The hundreds of students and demonstrators occupying the legislative chamber have issued a statement detailing their stance against the cross-strait service trade pact, stressing a demand for a fair and competitive future for young Taiwanese.
“We do not want to see young people still living on a NT$22,000 salary [a subsidization policy implemented by the government that gives NT$22,000 to university graduates as a starting salary] 10 years from now,” the statement read.
It said Taiwan is a haven for entrepreneurship, where young people can fulfill their dreams by opening coffee shops or personal workshops and become a “boss” by working hard on their own.
An academic assessment on the impact of signing the pact showed that more than 1,000 trades — covering basic necessities like food, clothing, housing, traffic and different stages of life from birth to death — will be affected, although the pact only listed 64 sub-sectors for opening up to Chinese investment, the students’ statement said.

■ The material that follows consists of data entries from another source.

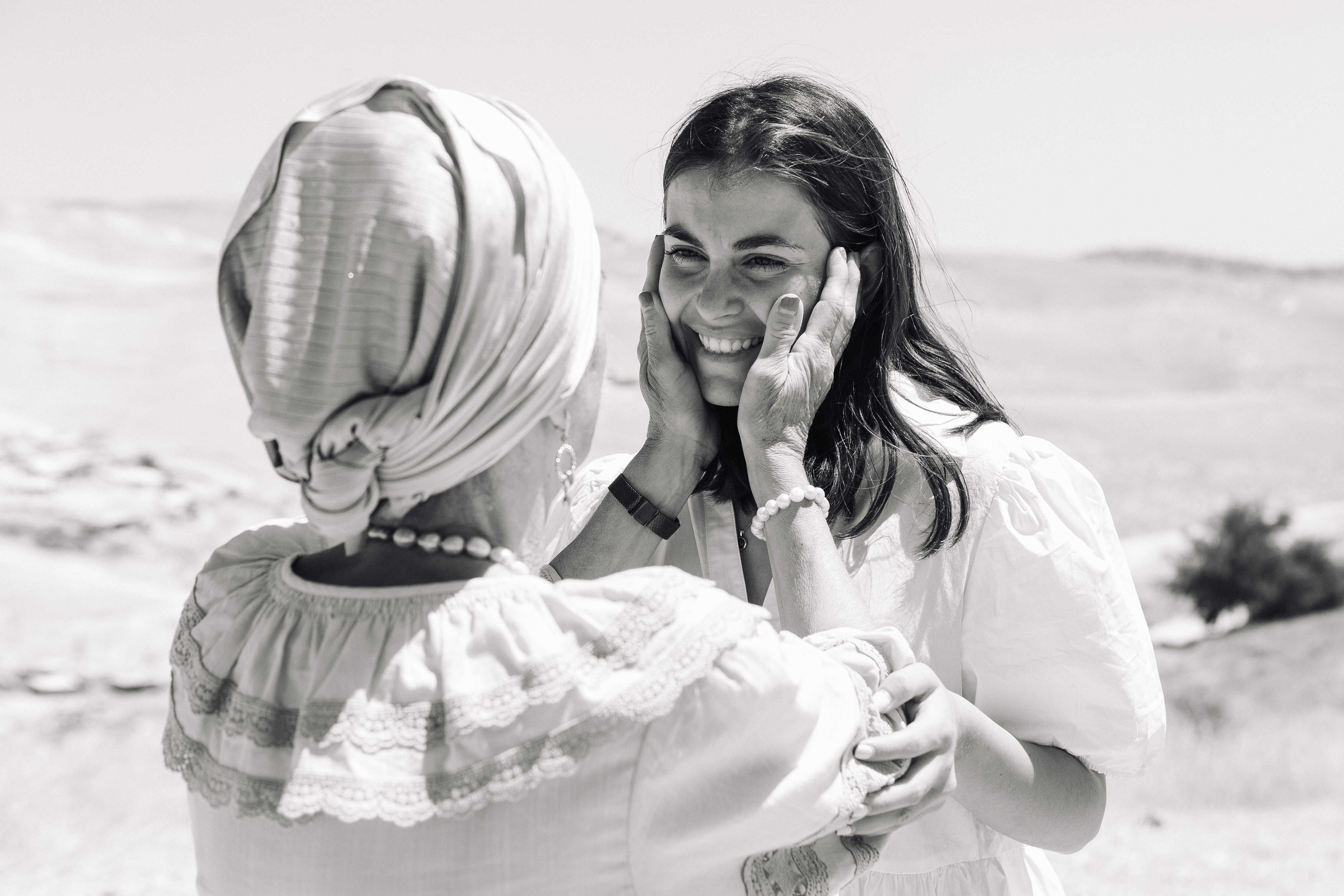 MAALE ADUMIM, HOME PHOTO SESSION + DESERT. Https://shi-photo.com/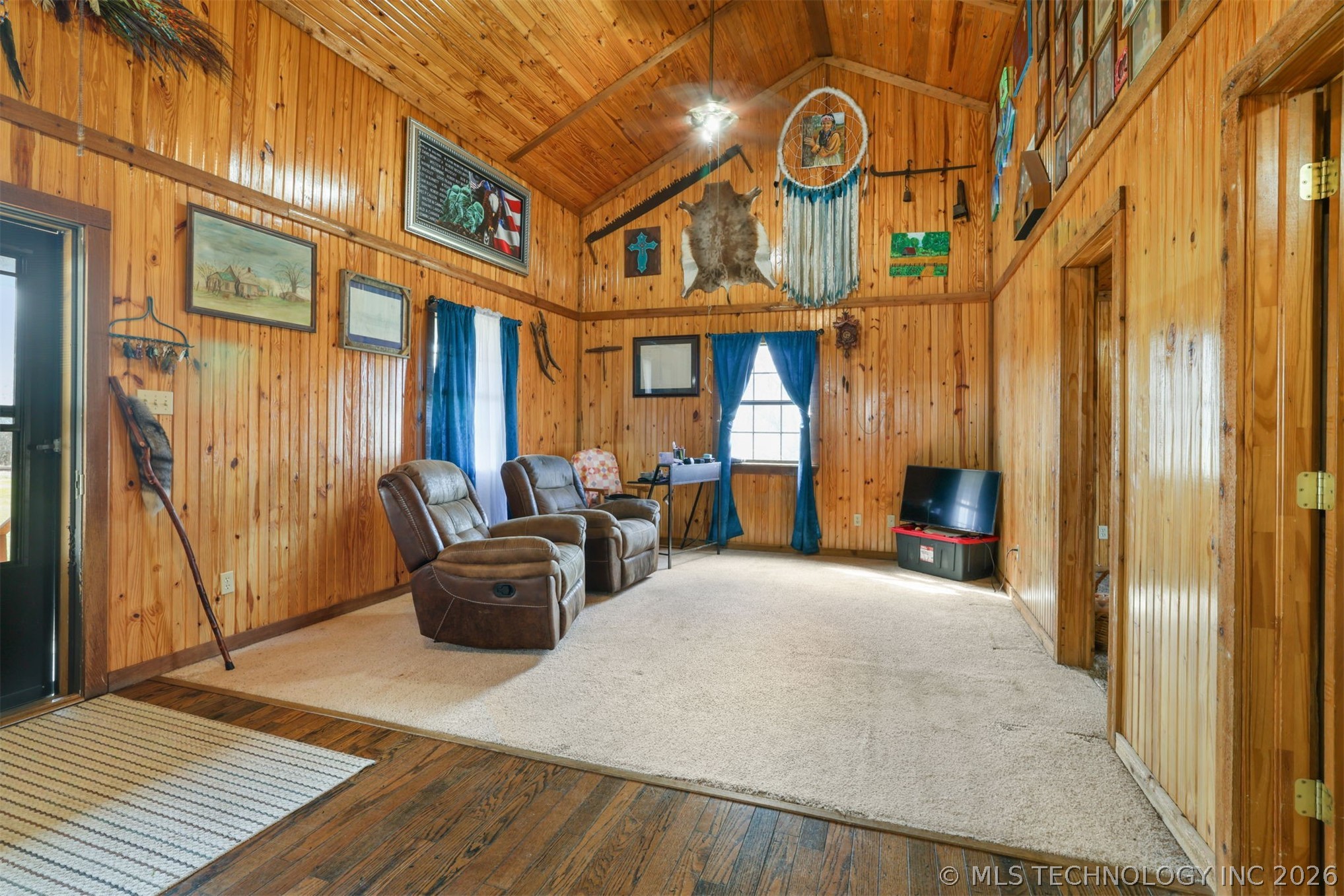 117 S Terry Property Photo 3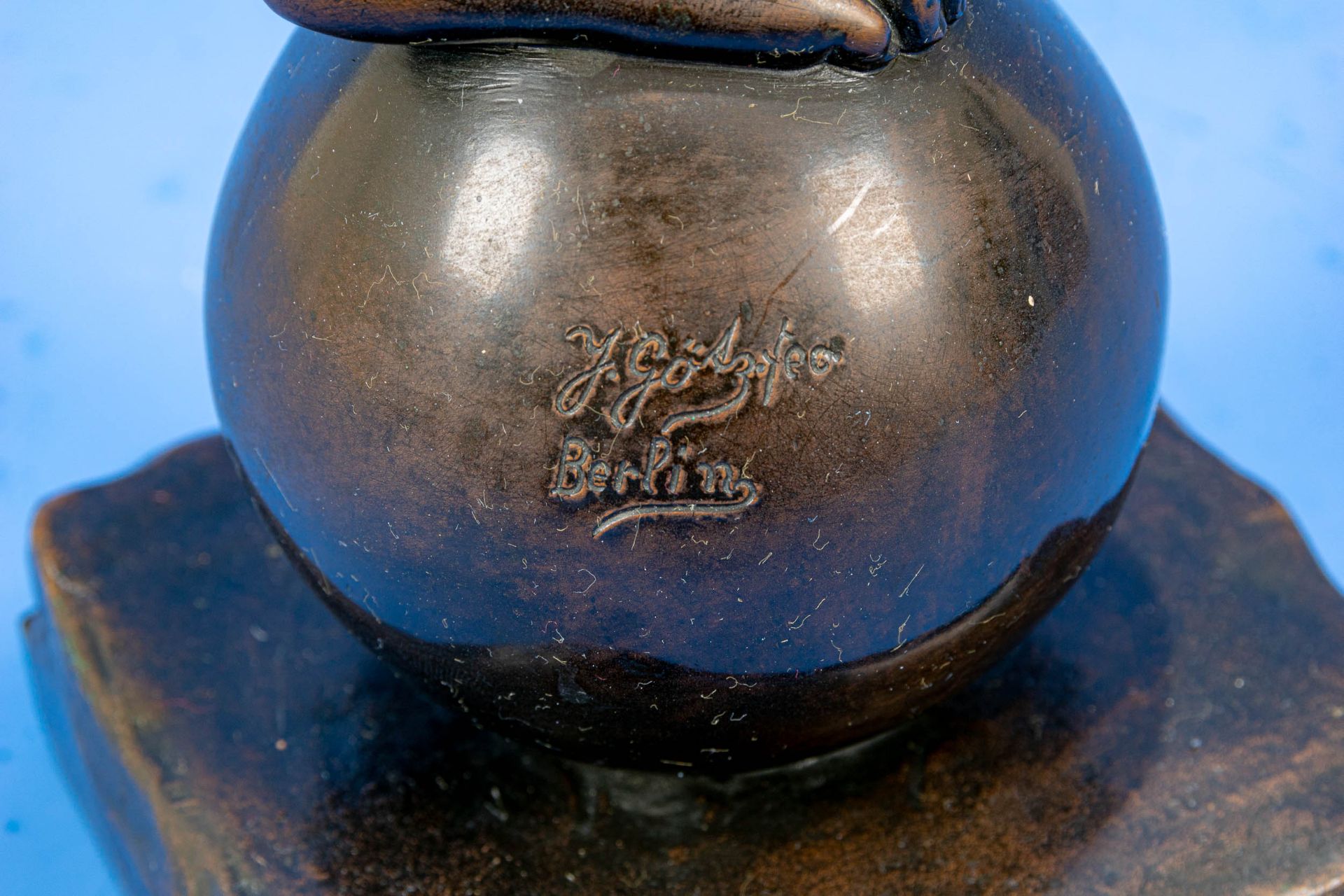 "Balancierender Knabe". Dunkelbraun patinierte Bronze eines auf einer Kugel/einem Ball balancierend - Image 16 of 21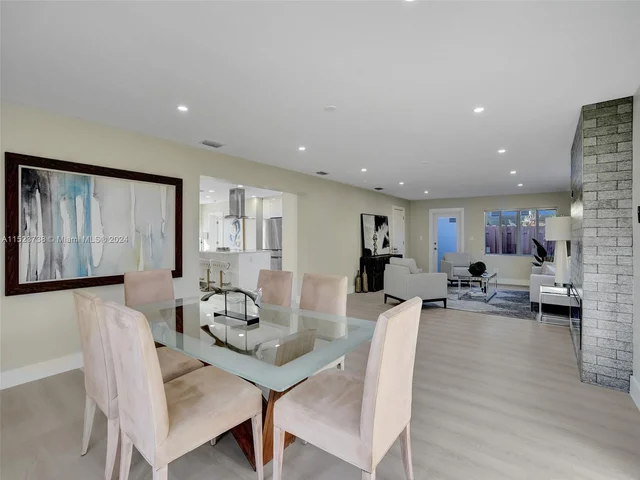 509 NE 28th St, Wilton Manors FL 33334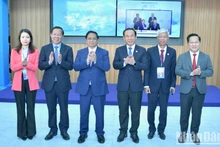 El primer ministro Pham Minh Chinh (tercero a la izquierda) en la ceremonia. (Fotografía: Nhan Dan)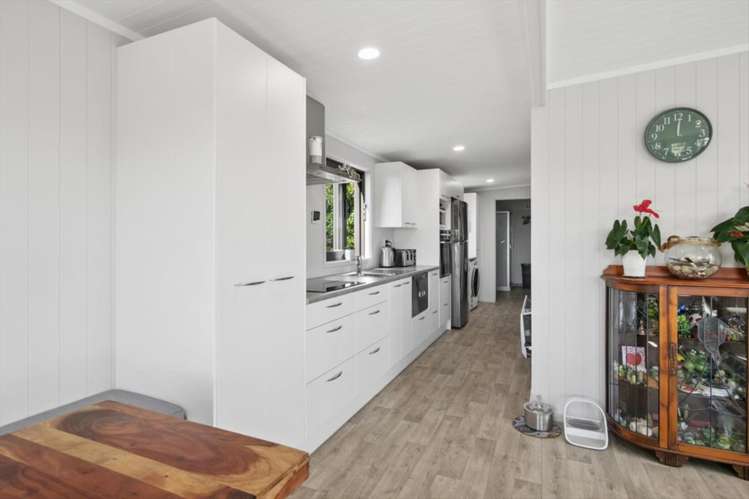 28 Spencer Avenue Maketu_30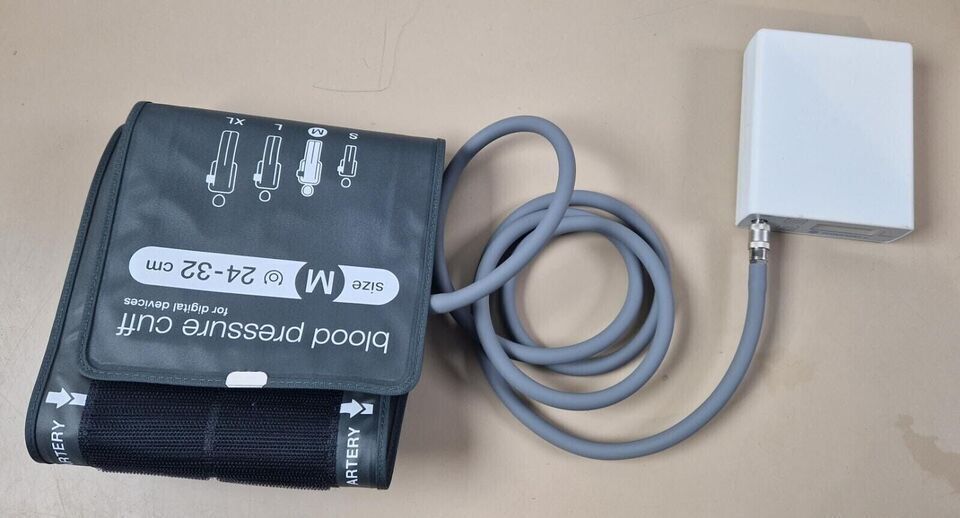 GE Tonoport V Ambulatory Blood Pressure system with upper arm and cuff - hose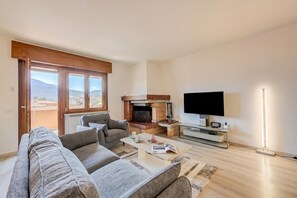 TV - Casa Alexander, Riva del Garda, Italy (Riva del Garda)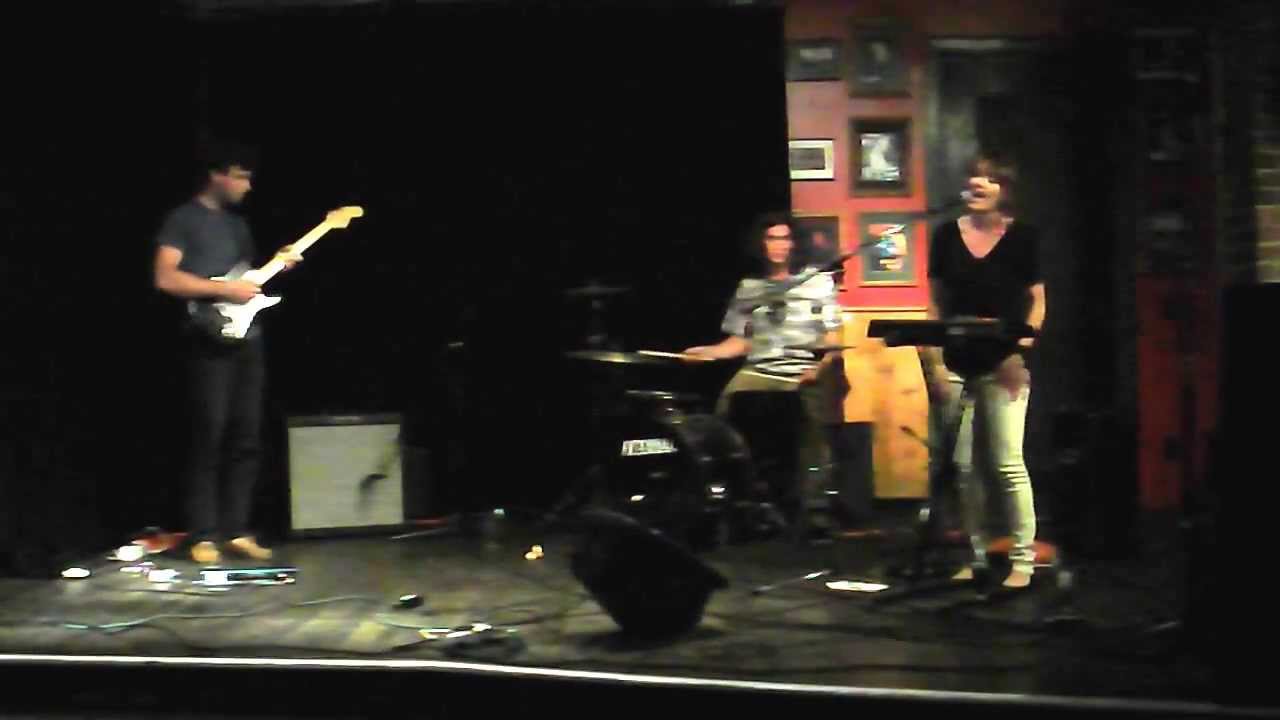 Meg Lynch with brothers Daniel and David Lynch in new band: Lady Darwin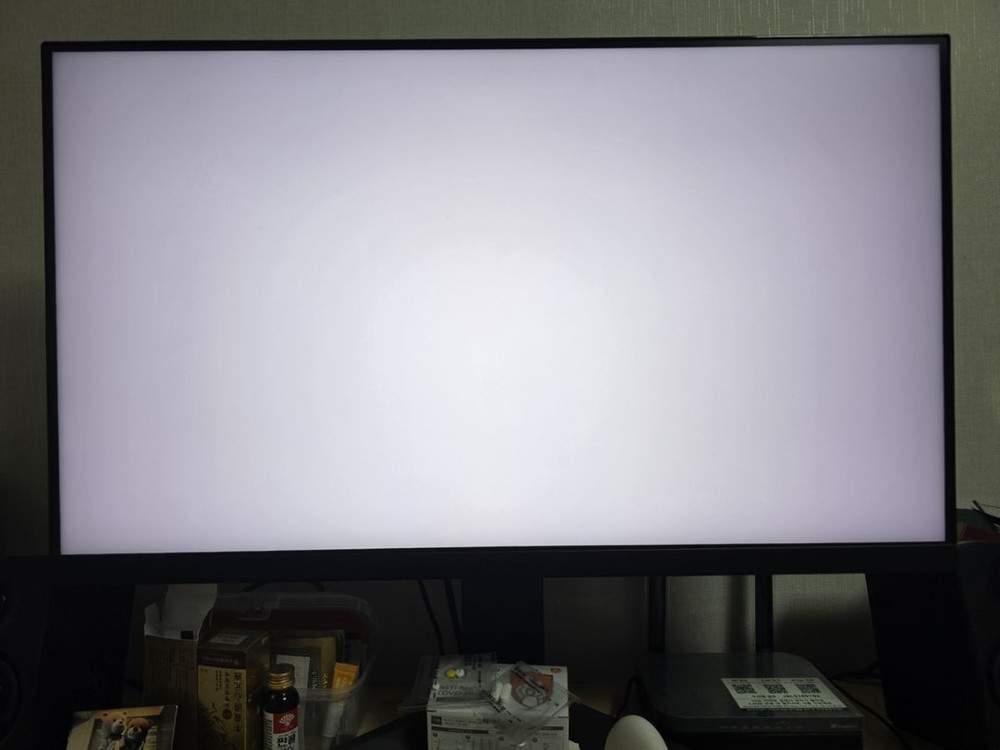 LG 32GR93U 4K모니터 팔아요--1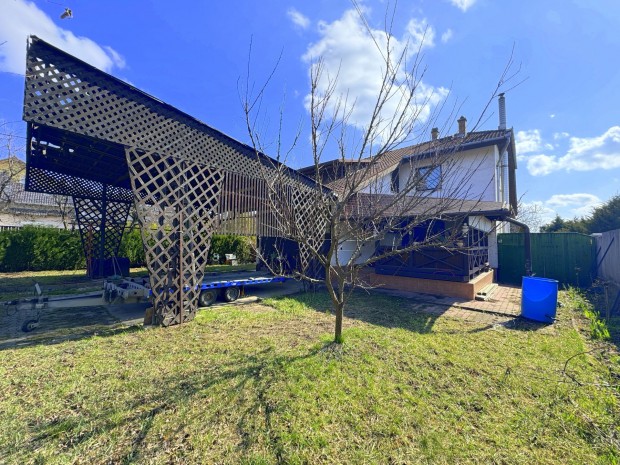 Fedezze fel �lmai otthon�t Budapest 16. ker�let�ben  5 szob�s h�z v�r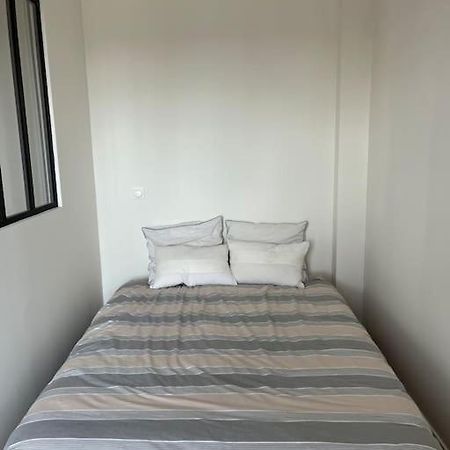 Apartment With Balcony Near Disneyland. Esbly Buitenkant foto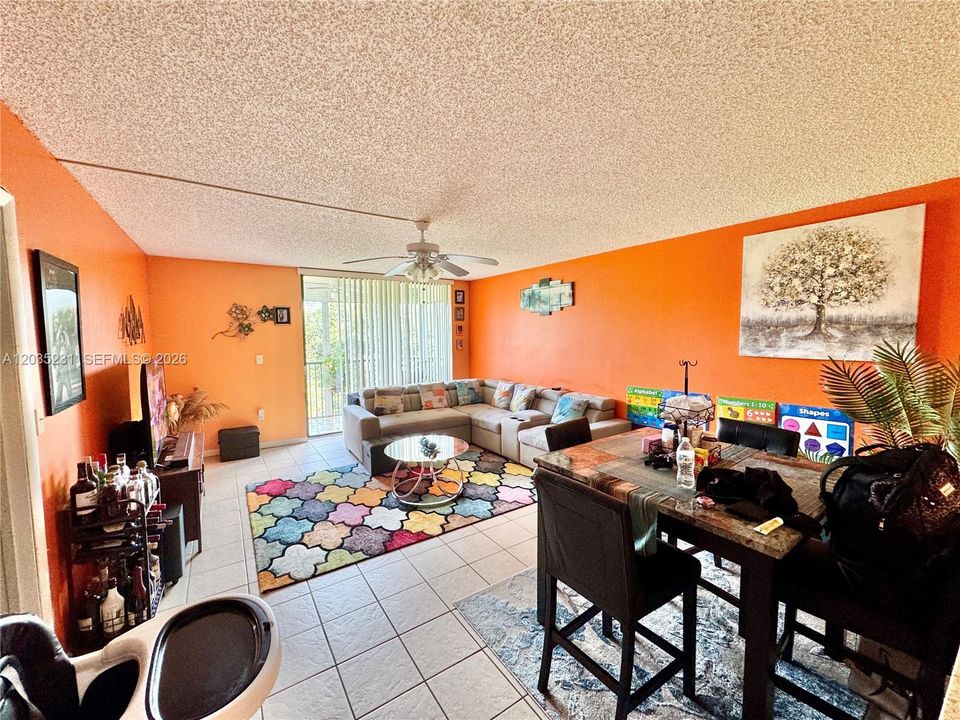 For Rent: $1,500 (1 beds, 1 baths, 833 Square Feet)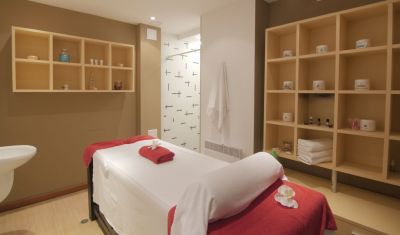 Imagine pentru Local Stay Complex by Best Western valabile pentru Revelion 2025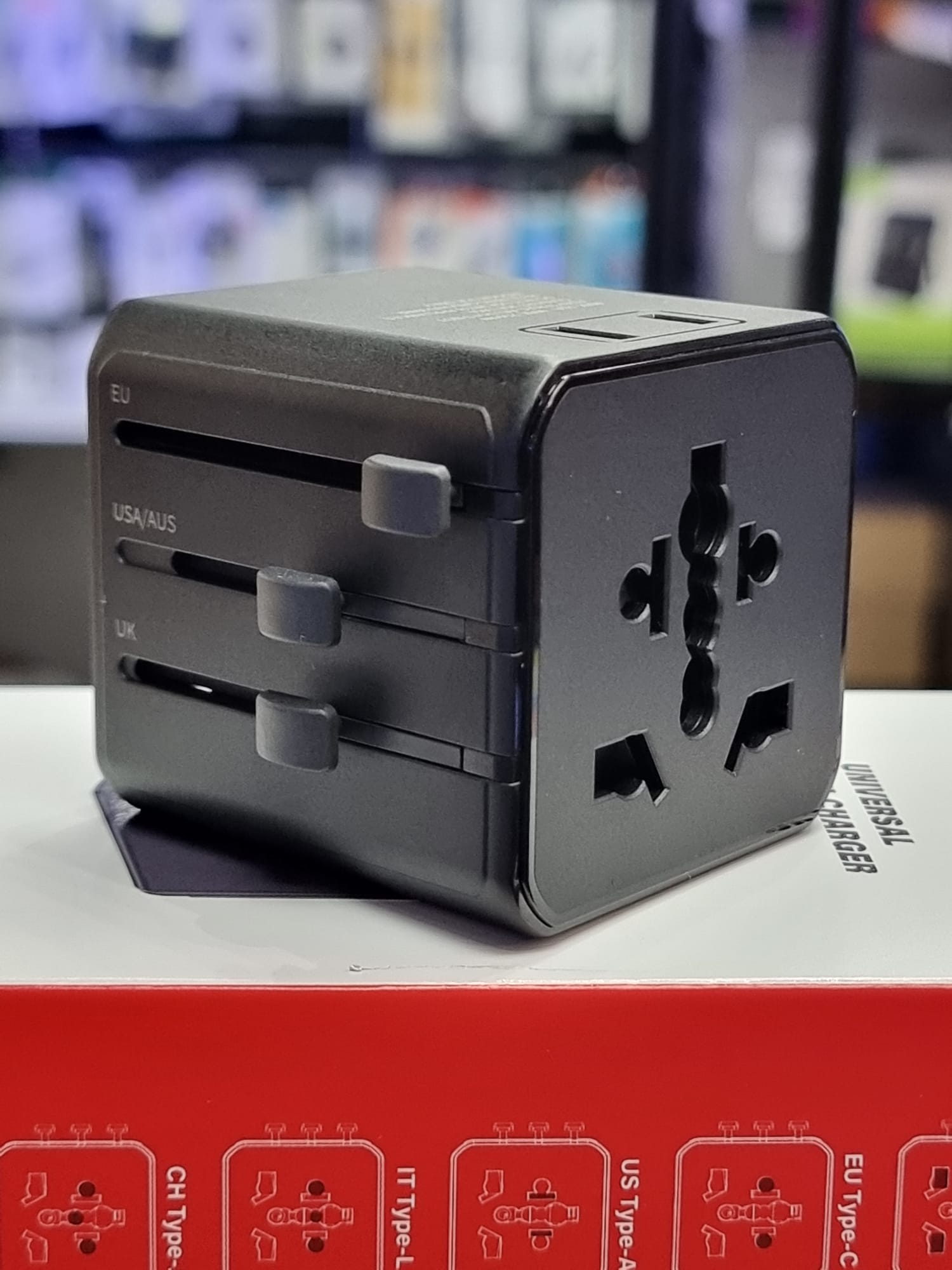 Ven-Dens VD-TA004 Travel Adaptor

“In the future, Taiwanese small and medium-sized enterprises will face challenges from competition with Chinese-invested companies that have abundant capital and use vertically integrated business models,” it said. “It will also threaten the survival of office workers, farmers, blue-collar workers and businesspeople.”
It said the pact would also impose a threat to the nation’s freedom of speech, by opening up Internet portal sites and Web sites, as well as printing, publishing and distribution channels to Chinese investment.
“Standing against the pact is not an act of ‘always being against anything related to China’ (逢中必反),” it said.
The trade agreement’s greatest problem is that it only benefits the large capitalists, by allowing big corporations to expand without limit across the Strait, while small businesses suffer, it said. “The entrepreneurship haven that we used to be proud of will be gradually taken over by foreign corporations.”
The statement said that the issue is not an argument between unification and independence, or between the pan-blue and the pan-green camps, but one between social classes — a harsh survival problem for young people when facing a few large companies that gobble up small businesses in the agricultural, industrial and commercial sectors.
“We strongly protest against the President Ma Ying-jeou (馬英九) administration — which now has a low approval rating — seizing the legislature to have it approve the service pact in such a violent way and giving away the nation’s future,” the statement said.
It also condemned what the students said was Chinese Nationalist Party (KMT) Legislator Chang Ching-chung’s (張慶忠) sudden call on Monday to end a committee meeting and arbitrarily conclude that the review was finished and approved because of it was taking too long.
It said Chang’s conclusion was a total betrayal of the legislature’s promise to review the agreement item-by-item, which was agreed to in June last year.
“If the KMT can violently approve a pact that has great impact on the public by circumventing the legislature’s supervision and substantial review, other policies that might more greatly affect economic autonomy can also be approved in the same way,” it said. “Taiwan’s future cannot be forfeited like this.”
“We want to master our own future … we want a fair environment that allows young people to develop and compete,” the statement read.
The demonstrators are young people who are willing to take on challenges, but they will not abide unfair conditions that will lead them to being controlled by few ruling officials or large companies, it said.
“Taiwan is where we live and make a living,” the statement said in its last paragraph. “To stop this unfair and unjust service pact, to stop the political party that is trying to restore authoritarianism and is trampling our legal institutions, please stand with us and protect Taiwan together.”